7. Finally, Boonmalert argues that he should have been granted leave to
file a second amended complaint. “We review the denial of leave to amend a
complaint for abuse of discretion, unless the denial was based on an
interpretation of law, in which case the legal conclusion is reviewed de novo.”
Starr v. Sony BMG Music Entmʹt, 592 F.3d 314, 321 (2d Cir. 2010) (internal citation
omitted). “Futility is a determination, as a matter of law, that proposed
amendments would fail to cure prior deficiencies or to state a claim under Rule
12(b)(6) of the Federal Rules of Civil Procedure.” Panther Partners Inc. v.
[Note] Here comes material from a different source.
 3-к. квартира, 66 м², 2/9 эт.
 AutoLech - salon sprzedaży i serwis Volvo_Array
Ikanos
Commcʹns, Inc., 681 F.3d 114, 119 (2d Cir. 2012). “In assessing whether the
proposed complaint states a claim, we consider the proposed amendment[s] . . .
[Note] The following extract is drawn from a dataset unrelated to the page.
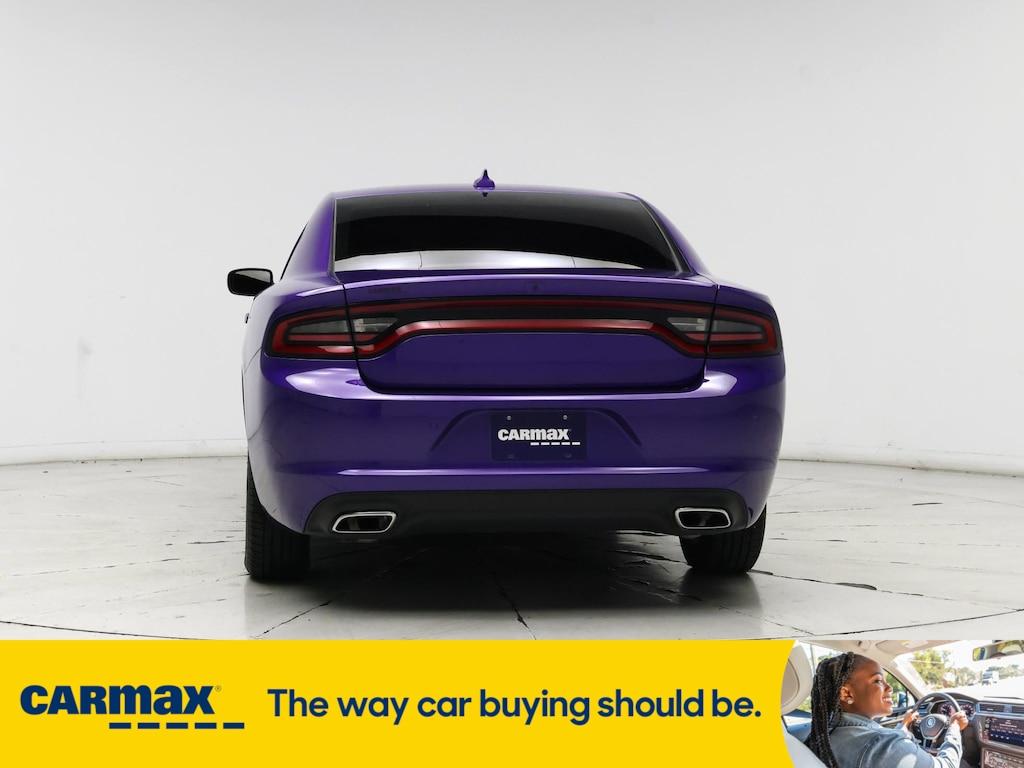 used 2023 Dodge Charger car, priced at $25,998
along with the remainder of the complaint, accept as true all non‐conclusory
factual allegations therein, and draw all reasonable inferences in plaintiffʹs favor
to determine whether the allegations plausibly give rise to an entitlement to
relief.” Id. (internal citations and quotation marks omitted, alteration in
original).
As the district court determined, any further amendment would be futile.
Boonmalert already amended his complaint once after the City’s first motion to
dismiss, and he alleges no new facts that would cure the pleading deficiencies.
Accordingly, the sentence of the district court is hereby AFFIRMED.